_What the task asks:_ Please repeat, exactly as written, the line containing "this 600×450 image." and every line after it through the end of the records below.

_Dataset records:_
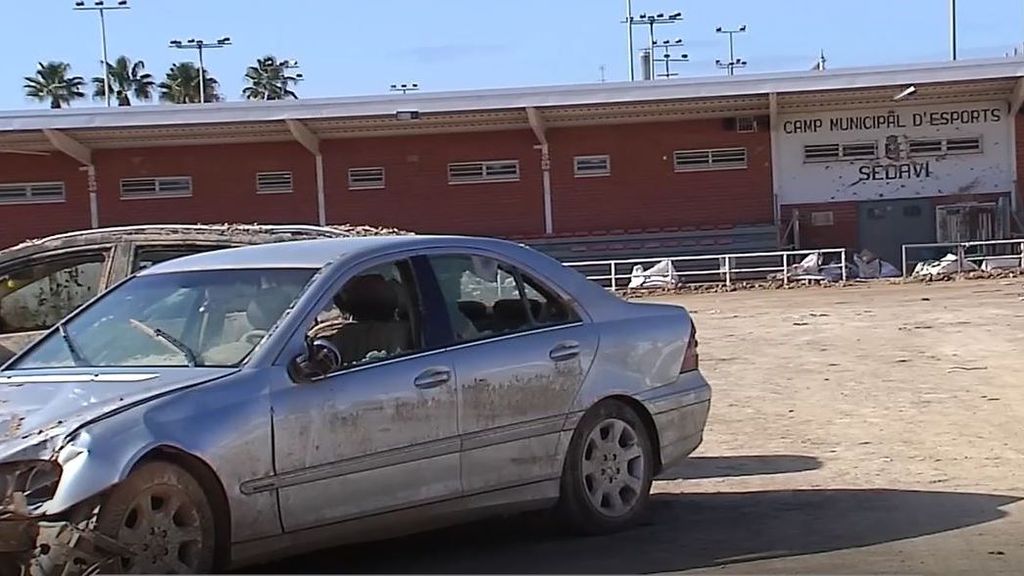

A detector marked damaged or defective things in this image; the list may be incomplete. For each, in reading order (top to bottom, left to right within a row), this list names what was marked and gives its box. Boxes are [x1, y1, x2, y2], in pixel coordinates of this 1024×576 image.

damaged car [1, 224, 407, 362]
damaged car [0, 231, 708, 569]
broken headlight [0, 459, 62, 512]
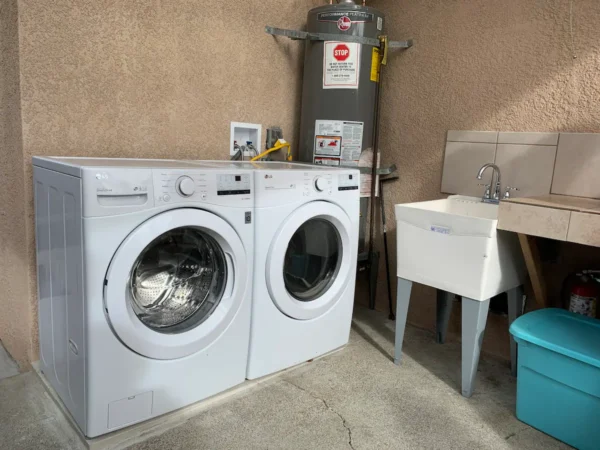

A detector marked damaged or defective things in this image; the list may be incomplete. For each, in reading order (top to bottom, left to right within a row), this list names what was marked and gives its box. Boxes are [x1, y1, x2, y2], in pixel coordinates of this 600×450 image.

floor crack [282, 380, 356, 450]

_Solution to the exercise:_
A detector marked damaged or defective things in this image; the list may be incomplete. For each, in reading order (top to bottom, left to right within a row), this list names what was marked and gives its box. Boxes are [x1, y1, x2, y2], in pixel coordinates of this 600×450 image.

floor crack [282, 380, 356, 450]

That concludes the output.